What to say about this? First, what is this? This piece is technically a website but I see this as a performance — it should be treated accordingly. Most webpages are increasingly about interaction, and historically the web was built upon the concept of the hyperlink, but this webpage is for watching and reflecting and getting lost in your own thoughts. It runs for a little over 13 minutes.

The performance is theoretically repeatable, but if your browser has taken it upon itself to cache the content (this is likely), it means that the piece is not repeatable — you can’t go back in time. This is an encouragement to sit still and enjoy it, something I personally have a hard time doing with any media, especially one delivered alongside my other primary source of notifications and attention-detractors. Consider it a challenge to go back in time, where pages loaded slowly and one at a time. Think of it like this: tabs in browsers were not a common feature until 2003.

(You can use private browsing mode, and I recommend doing this.)

Next, what is this all about? The subject of the performance is based around telling the story of how the web and I grew up together. We were both born in the late 1980s, then went through essential steps of development like learning how to read and write in the early '90s. Then we went through puberty at the same time, starting in the late 1990s. For me, it involved bouncing around pages of links and free website hosting, using every chat program I could find, and using the computer as much as possible when I wasn’t watching MTV or riding a bike or other things that preteens do. The web, meanwhile, had just taken off its training wheels and exploded into mass North American culture, suddenly everywhere all the time, blossoming so prolific that we colloquially refer to the entire internet as this portion of it. This project is about that. It’s an homage to myself and the other people out there (preteens or not) cobbling together little homes on the web, experimenting and trying new things, while the internet was going through this massive period of growth and transformation, too.

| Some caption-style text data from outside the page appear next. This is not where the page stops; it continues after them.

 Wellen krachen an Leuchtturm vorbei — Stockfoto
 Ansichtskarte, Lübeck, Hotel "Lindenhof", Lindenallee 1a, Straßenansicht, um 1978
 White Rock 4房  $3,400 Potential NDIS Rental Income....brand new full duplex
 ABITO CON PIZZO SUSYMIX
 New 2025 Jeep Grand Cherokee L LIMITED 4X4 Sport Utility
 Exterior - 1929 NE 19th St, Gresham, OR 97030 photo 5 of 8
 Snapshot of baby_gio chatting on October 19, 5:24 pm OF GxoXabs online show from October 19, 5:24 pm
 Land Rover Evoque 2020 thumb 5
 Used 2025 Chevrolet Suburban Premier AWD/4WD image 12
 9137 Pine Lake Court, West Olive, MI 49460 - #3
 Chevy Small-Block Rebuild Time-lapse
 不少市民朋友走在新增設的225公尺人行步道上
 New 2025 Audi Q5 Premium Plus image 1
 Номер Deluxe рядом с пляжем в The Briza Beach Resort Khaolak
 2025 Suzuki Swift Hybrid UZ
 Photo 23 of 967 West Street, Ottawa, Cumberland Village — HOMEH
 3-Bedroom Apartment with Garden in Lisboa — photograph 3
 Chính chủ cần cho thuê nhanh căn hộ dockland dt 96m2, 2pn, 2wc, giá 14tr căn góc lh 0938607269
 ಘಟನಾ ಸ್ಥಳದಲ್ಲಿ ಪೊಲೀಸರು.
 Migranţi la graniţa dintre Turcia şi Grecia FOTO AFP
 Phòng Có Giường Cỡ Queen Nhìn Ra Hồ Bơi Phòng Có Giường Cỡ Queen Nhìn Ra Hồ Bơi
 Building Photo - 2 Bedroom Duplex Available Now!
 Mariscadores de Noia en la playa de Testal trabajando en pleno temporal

But it's not all flowers and butterflies. We have this viewpoint of the internet as it was, and we look at it with rose-colored glasses, so-to-speak, as if it were an idyllic, wonderful time. But the same internet with quaint homepages lovingly hand-coded with guestbooks and off-the-cuff status updates also hosted rampant advertising, weird scams, malicious behavior, and honestly just a lot of junk. I spend a lot of time wearing those nostalgia glasses; it’s a lot of what I do in my career and also as hobby projects (e.g Internet Girlfriend Club), but the web is so much deeper than that. It's not good or bad. It just is. In this sense, it's an anti-homage to both the media cliche of boys frothing over slowly-loading boobs and the onslaught of advertisement and corporate interest eating up any promise of the web.

Making this piece was difficult at a certain point in building up the performance. It was really hard to say goodbye. I was surprised at how many emotions it conjured up for me. But that feeling I had fighting against it and being so disappointed after I started, that feeling meant I absolutely had to do it. Art is about conveying emotion, and I hope people get the same feelings from the piece. I want them to feel angry and annoyed, and to wish things could go back to how they were. But you can’t go back. And we can’t go back, in general, to this ethereal beautiful web experience not only because we don’t have time-machines but because it never really existed in the first place, not in such a pure way.

I hope you enjoy this work, or have recently come back to this page after enjoying it. I hope it gives you space to meditate on this thing we use every day, and the role it has played it your life.